武士が行動するうえで遵守すべき倫理。武士は戦いを任務とし、そのための訓練を受けた身分だから、「臆病」や「卑怯」という行為は忌み嫌われ、戦国時代には、死を恐れないどころか進んで死地に赴くことを好む武士も珍しくなかった。江戸時代に入ると、武士は支配階級として、農工商の人々の上に立つことになった。そのため、命を惜しまないだけではなく、他の道徳においても、他の身分の者とはまったく違う倫理が求められた。武士の規範は、非常に厳格なものになり、特に名誉ということに関しては敏感になった。武士道の特徴は、自己犠牲の精神と厳しい自己規律を要請するものである。
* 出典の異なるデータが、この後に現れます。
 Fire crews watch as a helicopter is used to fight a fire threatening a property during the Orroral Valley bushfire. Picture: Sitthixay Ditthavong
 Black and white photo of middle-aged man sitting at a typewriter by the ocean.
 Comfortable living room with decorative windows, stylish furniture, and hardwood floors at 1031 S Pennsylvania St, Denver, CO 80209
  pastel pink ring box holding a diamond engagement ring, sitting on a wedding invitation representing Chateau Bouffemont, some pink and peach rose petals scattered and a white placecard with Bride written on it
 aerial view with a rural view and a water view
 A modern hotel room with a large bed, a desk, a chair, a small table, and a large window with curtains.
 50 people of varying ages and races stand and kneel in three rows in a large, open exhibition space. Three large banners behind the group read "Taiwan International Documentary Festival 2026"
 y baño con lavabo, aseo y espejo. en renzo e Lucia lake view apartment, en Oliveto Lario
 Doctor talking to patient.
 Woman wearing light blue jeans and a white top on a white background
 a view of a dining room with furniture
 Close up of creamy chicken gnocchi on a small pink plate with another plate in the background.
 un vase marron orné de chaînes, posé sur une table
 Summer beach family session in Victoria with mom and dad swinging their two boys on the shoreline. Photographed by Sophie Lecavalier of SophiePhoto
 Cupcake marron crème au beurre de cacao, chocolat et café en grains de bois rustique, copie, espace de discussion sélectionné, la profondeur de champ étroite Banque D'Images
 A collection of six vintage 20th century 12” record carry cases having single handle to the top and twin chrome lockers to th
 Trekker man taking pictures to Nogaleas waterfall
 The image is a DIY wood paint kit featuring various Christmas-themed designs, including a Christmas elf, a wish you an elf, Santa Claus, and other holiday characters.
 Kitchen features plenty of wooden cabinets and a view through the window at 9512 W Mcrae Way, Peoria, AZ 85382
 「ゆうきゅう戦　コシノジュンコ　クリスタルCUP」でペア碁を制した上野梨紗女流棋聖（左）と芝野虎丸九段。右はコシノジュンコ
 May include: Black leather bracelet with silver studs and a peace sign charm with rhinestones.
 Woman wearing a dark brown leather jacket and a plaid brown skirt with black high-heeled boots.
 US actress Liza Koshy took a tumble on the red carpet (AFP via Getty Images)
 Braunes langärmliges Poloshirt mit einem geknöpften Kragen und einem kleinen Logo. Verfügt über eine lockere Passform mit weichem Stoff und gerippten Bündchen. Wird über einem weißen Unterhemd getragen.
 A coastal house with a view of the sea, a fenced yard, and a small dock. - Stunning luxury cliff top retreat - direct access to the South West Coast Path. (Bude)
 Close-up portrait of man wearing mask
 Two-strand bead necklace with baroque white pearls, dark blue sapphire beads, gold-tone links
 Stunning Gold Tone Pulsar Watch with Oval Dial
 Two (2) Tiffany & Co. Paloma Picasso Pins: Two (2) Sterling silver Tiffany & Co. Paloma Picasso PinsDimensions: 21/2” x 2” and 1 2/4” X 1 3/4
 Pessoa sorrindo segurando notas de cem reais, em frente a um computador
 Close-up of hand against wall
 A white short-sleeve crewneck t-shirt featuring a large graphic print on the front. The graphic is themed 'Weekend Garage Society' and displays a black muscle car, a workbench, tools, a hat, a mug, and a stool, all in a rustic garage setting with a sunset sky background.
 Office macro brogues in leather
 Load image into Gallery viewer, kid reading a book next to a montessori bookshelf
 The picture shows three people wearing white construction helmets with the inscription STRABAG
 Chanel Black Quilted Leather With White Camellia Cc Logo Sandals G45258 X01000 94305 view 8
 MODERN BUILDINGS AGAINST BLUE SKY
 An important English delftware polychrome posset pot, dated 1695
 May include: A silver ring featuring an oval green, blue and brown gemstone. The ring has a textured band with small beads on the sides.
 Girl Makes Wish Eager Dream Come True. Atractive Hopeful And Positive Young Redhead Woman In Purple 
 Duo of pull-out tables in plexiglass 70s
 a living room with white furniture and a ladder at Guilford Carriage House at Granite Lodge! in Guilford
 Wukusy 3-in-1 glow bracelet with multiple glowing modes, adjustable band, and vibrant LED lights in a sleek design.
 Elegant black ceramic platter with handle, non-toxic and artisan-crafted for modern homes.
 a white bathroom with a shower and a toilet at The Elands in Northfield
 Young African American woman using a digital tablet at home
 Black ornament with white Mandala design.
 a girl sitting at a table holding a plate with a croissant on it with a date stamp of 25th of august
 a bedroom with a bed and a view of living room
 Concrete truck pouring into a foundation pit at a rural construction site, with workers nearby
たとえば、武士は自らの損得で行動することを嫌悪し、些細なことでも友人と約束すれば、命をかけてでもそれを果たした。「忠臣蔵」として有名な、赤穂の浪人による吉良上野介(きらこうずけのすけ)邸討ち入りは、多くの武士が称賛し、手本とすべき事件であった。落ち度があるとされれば即座に切腹するという覚悟は、多くの武士の共有するメンタリティーである。明治時代になってから武士道を解説した書物として、新渡戸稲造の『武士道』(1899年に英語版、1903年に和訳版)があるが、これは武士の倫理をキリスト者の立場から普遍化しようとしたもので、理想化された武士の姿を強調している。一方で、武士道書の代表とされたこともある佐賀藩士・山本常朝(やまもとじょうちょう)の『葉隠聞書(はがくれききがき)』は、「武士道と云ふは死ぬ事と見付けたり」の文言で知られるように「死に狂い」の態度を強調し、後先を考えず死地に赴くことが武士道の根幹であると述べている。儒学の立場からは、山鹿素行(やまがそこう)が『武教小学』などにおいて、為政者としての武士のあり方を説いている。このように、武士道といっても、論者によってかなり差があり、これが武士道書だとされる公認の書物は存在しない。多くの武士は、幼いころから軍記物などを読み聞かせられることによって、それぞれの武士の理想像を形成していったものと思われる。
武士(ぶし)
平安時代(794〜12世紀末)後期に生まれた、戦いを任務とする者。鎌倉時代以降、武士が政権を握ったため、支配階級として政治をも担当することになった。
切腹(せっぷく)
武家が罪を犯したときに命じられる刑罰だが、自ら責任を取って死んだことになり、家督相続などを認められることが多かった。
儒学(じゅがく)
儒教、すなわち孔子の思想に基づく信仰や教えの体系。